As soon as the line containing "Snubbull card in English" appears in the material below, start returning lines exactly, and end with the line containing "Комплекс вітамінів групи".

▶ **AVAILABLE DATA**
Start of Block
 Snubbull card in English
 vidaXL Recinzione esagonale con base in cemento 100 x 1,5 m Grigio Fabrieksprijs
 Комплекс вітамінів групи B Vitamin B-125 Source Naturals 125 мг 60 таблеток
End of Block
Start of Block
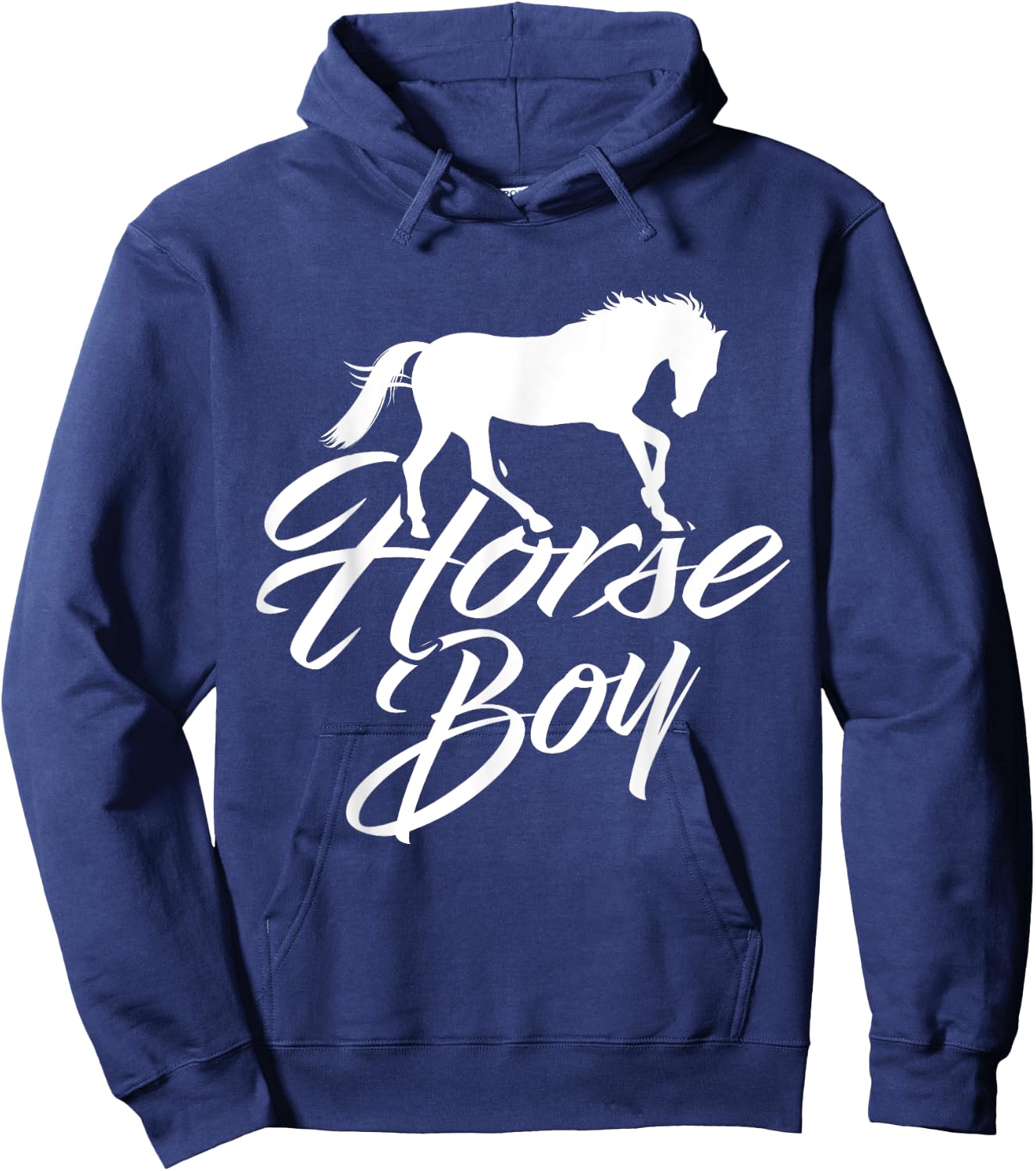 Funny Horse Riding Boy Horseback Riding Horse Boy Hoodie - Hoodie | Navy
End of Block
▶ **REPLY TO THE EXERCISE**
 Snubbull card in English
 vidaXL Recinzione esagonale con base in cemento 100 x 1,5 m Grigio Fabrieksprijs
 Комплекс вітамінів групи B Vitamin B-125 Source Naturals 125 мг 60 таблеток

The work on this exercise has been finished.